* **TASK GOAL**: Go to the line holding "Dolce & Gabbana Striped Cotton Casual Shirt" in the entries below and write out exactly every line down to and including the line holding "Flydubai FZ1073: तबूक".

Top of GIVEN ENTRIES

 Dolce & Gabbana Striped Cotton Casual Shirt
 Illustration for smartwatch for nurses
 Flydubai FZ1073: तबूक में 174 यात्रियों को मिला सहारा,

Bottom of GIVEN ENTRIES
Top of GIVEN ENTRIES

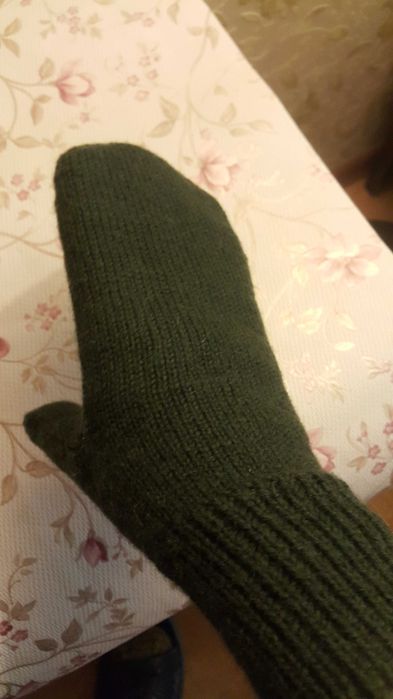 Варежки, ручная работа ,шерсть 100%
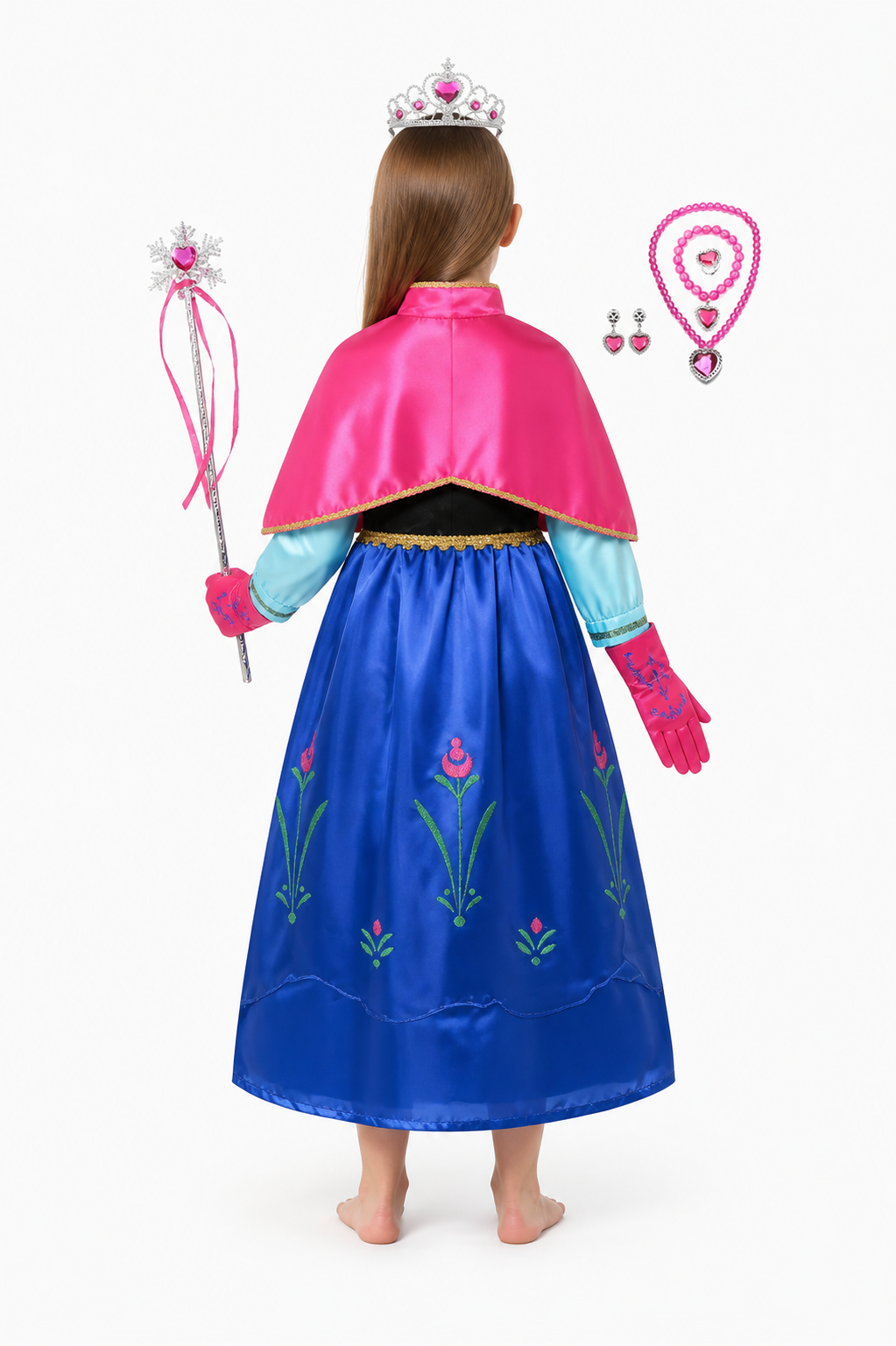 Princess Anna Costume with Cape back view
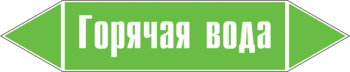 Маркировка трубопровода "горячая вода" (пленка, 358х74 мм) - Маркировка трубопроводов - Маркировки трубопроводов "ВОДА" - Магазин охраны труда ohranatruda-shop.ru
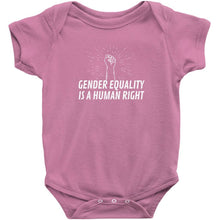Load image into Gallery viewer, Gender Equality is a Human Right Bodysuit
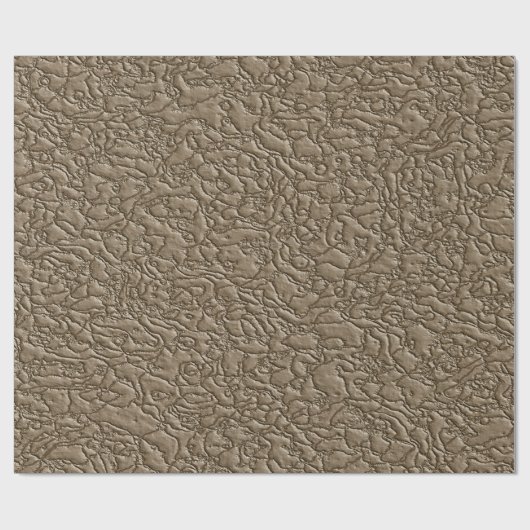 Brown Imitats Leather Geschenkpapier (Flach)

Bottom of GIVEN ENTRIES

* **PROBLEM SOLUTION**:
 Dolce & Gabbana Striped Cotton Casual Shirt
 Illustration for smartwatch for nurses
 Flydubai FZ1073: तबूक में 174 यात्रियों को मिला सहारा,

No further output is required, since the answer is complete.